◆ **WORK TASK**:
Retype, word for word, the lines from the first line of the entries through the line that holds "Buy cheap Baby"; leave out the pictures.

◆ **RECORD SET**:
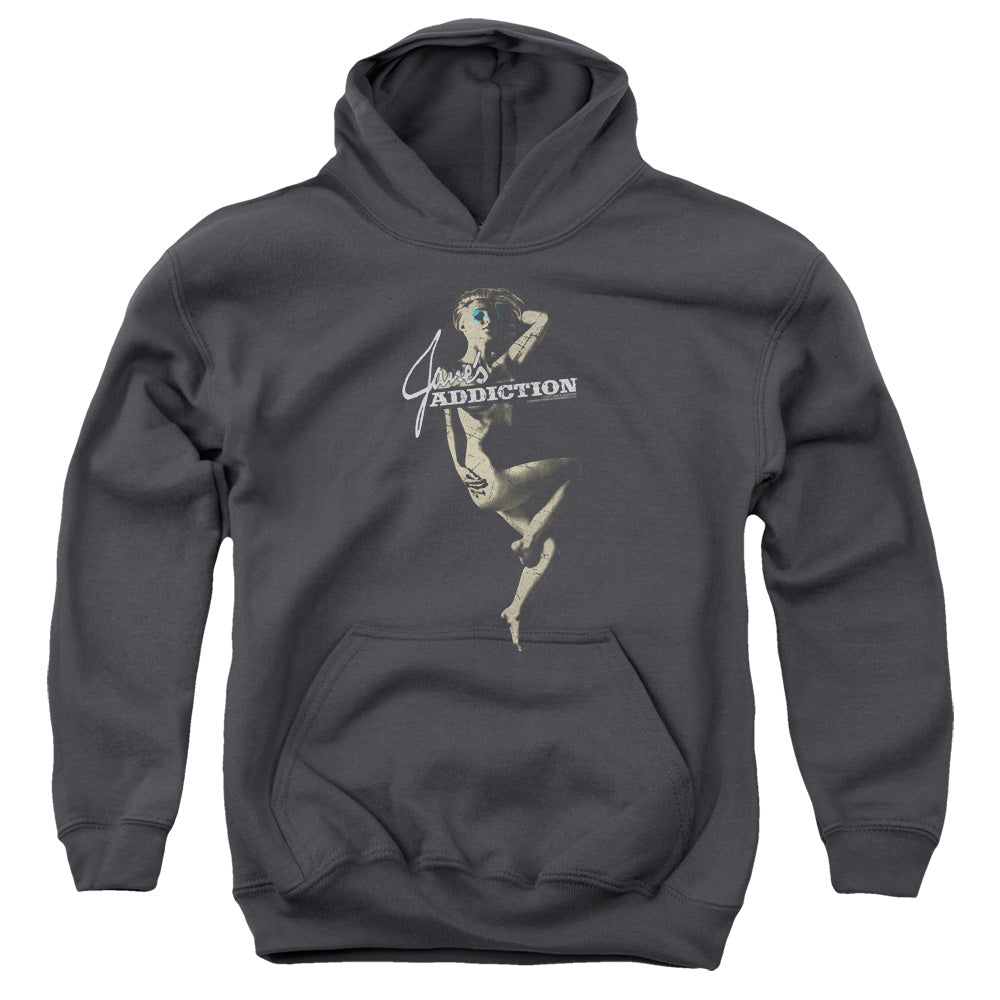 Janes Addiction Inside Escape Kids Youth Hoodie Charcoal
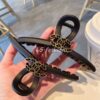 oly-372b91bd6529a6d33b592a3615e76fcb Wholesale 13cm large hair clip ~ French retro Xiaoxiang hair grip children's back spoon updo hair clip frosted shark clip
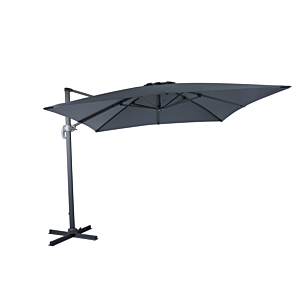 Parasol Déporté Avec Aerateur Sunguard 300Cm - Gris Parasols déportés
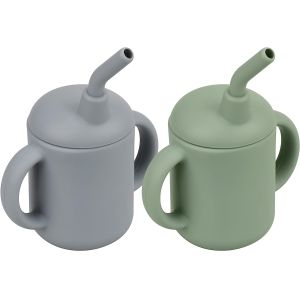 Buy cheap Baby Silicone Straw Cup With Handles Lightweight Unbreakable from wholesalers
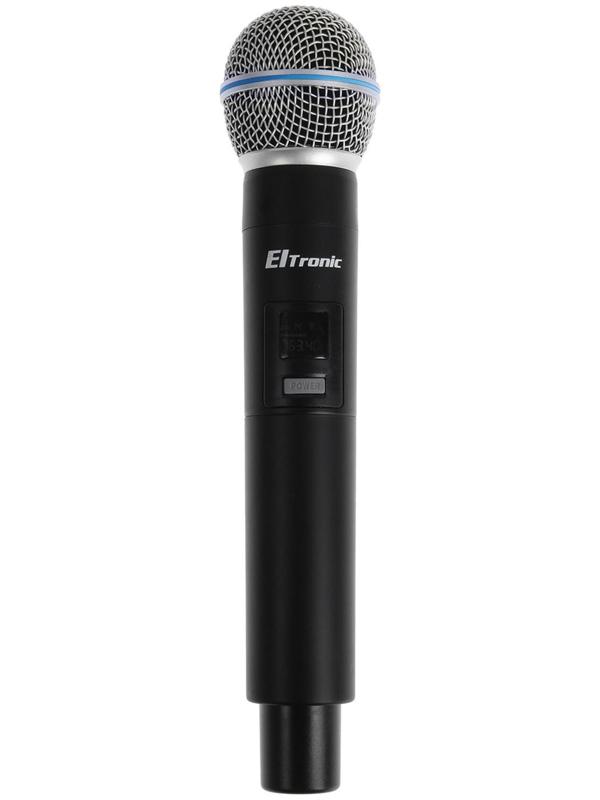 Набор микрофонов ELTRONIC 10-04, беспроводные, 2 микрофона, приемник, черный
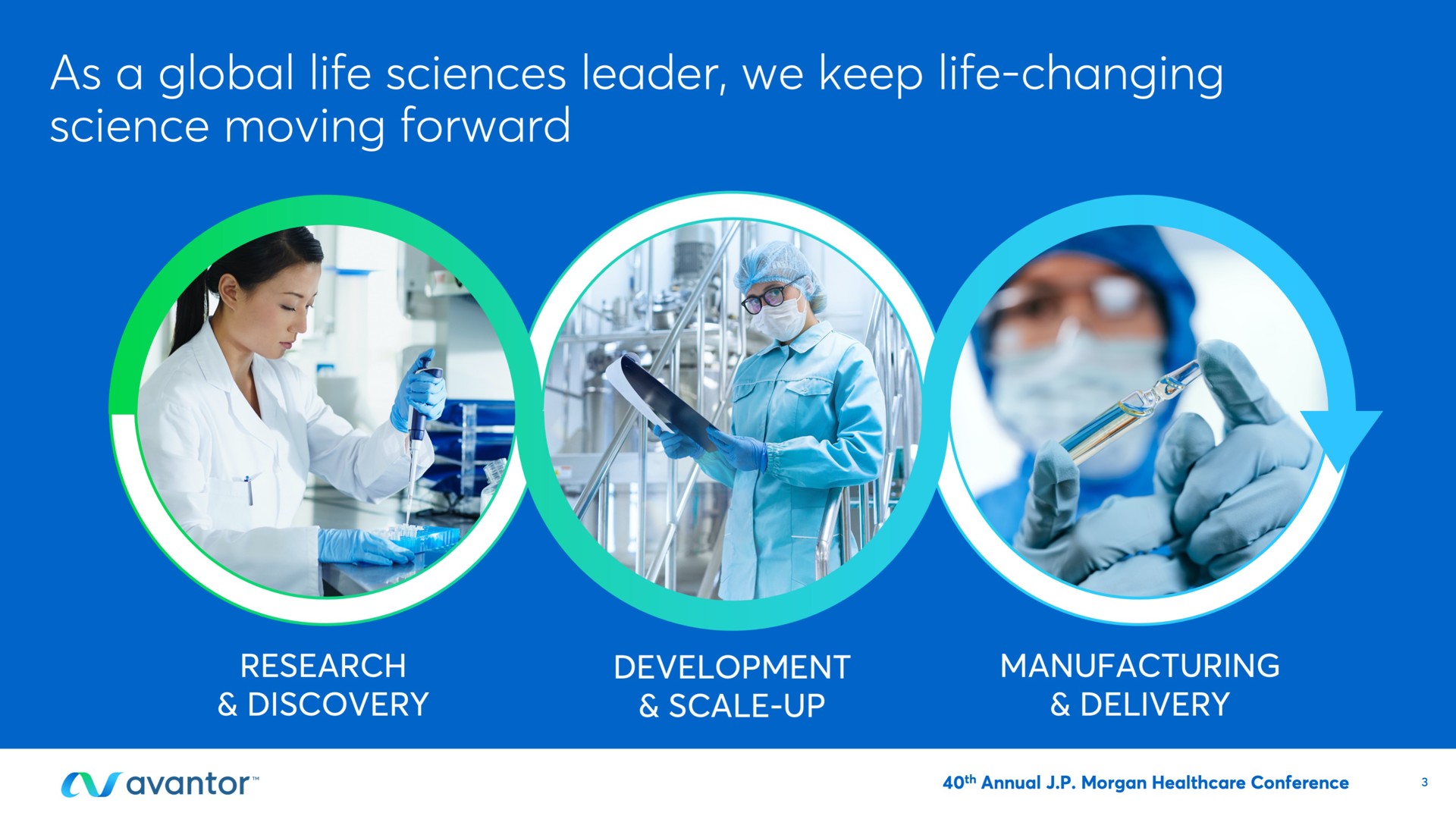 as a global life sciences leader we keep life changing science moving forward | Avantor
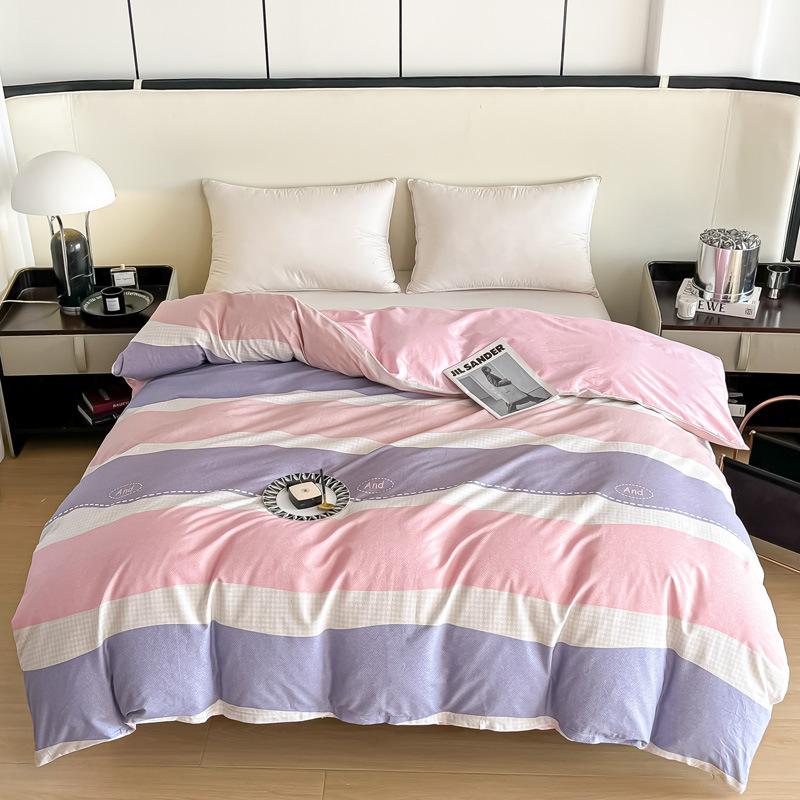 Soft 100% Cotton Duvet Cover Sets Cartoon Kids Durable Single Bed Duvet Cover and Pillowcases Set for Adults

◆ **SOLVED EXERCISE**:
 Janes Addiction Inside Escape Kids Youth Hoodie Charcoal
 oly-372b91bd6529a6d33b592a3615e76fcb Wholesale 13cm large hair clip ~ French retro Xiaoxiang hair grip children's back spoon updo hair clip frosted shark clip
 Parasol Déporté Avec Aerateur Sunguard 300Cm - Gris Parasols déportés
 Buy cheap Baby Silicone Straw Cup With Handles Lightweight Unbreakable from wholesalers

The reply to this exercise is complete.